Caddie Col Swatton left the course after seven holes and was replaced by Day's mental coach, Jason Goldsmith, but the switch worked surprisingly well as the Australian went on to card three birdies en route to a three-under-par 67.
That left Day in a four-way tie for third place in the PGA Tour's fourth and final FedExCup playoff event at East Lake Golf Club, just one stroke off the pace.
"It's gotta be frustrating for him because obviously this is a big tournament not only for me but for him as well," world number eight Day told reporters about Swatton's withdrawal.
"And I know how much he loves being out here caddying and trying to get us to win tournaments. Since he first caddied for me, in 2006 I'm thinking, he's never missed a tournament. This was the first one."
Swatton also acts as Day's swing coach and the Australian was a little peeved that his regular caddie initially decided to carry his bag, despite not feeling fully fit overnight.
"I told him: 'Look, if you get out there and you pull out, I'm going to be very pissed, because I said take the day off,'" Day explained. "I said: 'If you just miss today and you feel better tomorrow, then I've got you for the next three days.'
"I don't know what he did to his back last night, but he did something. He had to pull out after seven holes.

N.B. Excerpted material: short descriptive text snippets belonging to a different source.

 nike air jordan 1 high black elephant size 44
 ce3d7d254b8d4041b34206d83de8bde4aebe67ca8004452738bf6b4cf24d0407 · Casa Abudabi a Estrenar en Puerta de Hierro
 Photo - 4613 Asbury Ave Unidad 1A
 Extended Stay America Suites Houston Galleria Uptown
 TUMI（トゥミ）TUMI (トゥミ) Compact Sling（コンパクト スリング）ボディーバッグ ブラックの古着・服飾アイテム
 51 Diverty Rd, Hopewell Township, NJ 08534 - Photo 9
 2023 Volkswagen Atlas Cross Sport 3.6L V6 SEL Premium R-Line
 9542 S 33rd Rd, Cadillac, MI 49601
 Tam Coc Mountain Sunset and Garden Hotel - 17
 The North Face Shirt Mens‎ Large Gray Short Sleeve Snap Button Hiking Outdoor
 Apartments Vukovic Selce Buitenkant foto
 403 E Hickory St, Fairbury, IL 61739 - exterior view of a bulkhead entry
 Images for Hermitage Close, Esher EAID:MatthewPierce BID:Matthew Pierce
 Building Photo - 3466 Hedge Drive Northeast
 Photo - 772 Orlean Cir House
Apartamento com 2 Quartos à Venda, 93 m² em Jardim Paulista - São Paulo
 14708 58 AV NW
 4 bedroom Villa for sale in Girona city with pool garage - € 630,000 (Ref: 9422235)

"And it turned out great," said Day, who mixed five birdies with two bogeys during the round. "I mean, my short game is coming around nicely. I've been working hard on that, and I saved myself a couple of times out there which was good."
Goldsmith was always going to be in foreign territory as a backup caddie, though he usually walks outside the ropes when Day competes on tour and often does the green reading for his player in practice.
"He didn't know what to do today, really, so he just had the yardage book," Day smiled. "He's coming over to me and he looked official.
"It just kind of clicked. It worked. I did all the yardages out there and we were just talking out there, kind of just going about our way, and that kind of calmed me down a little bit.
"When you have a (regular) caddie and you both do yardages, there's so many numbers flying around it's sometimes hard to commit to some shots. But it seemed like every other yardage after he (Swatton) pulled out I got it right."
Day, who won his first World Golf Championships title at the Accenture Match Play Championship in February, withdrew from last week's BMW event after nine holes in the second round, putting his place in some doubt for this week.
"I've been getting at least two sessions a day, anywhere between two and four hours, since then," said Day.
"That much work can definitely mess with your timing, mess with the sync of the swing, just because things are moving a lot better than what you're used to.
"I just felt good out there even though I had some loose shots. I'm just out here trying to do my job, and my job is to try and win at the end of the week."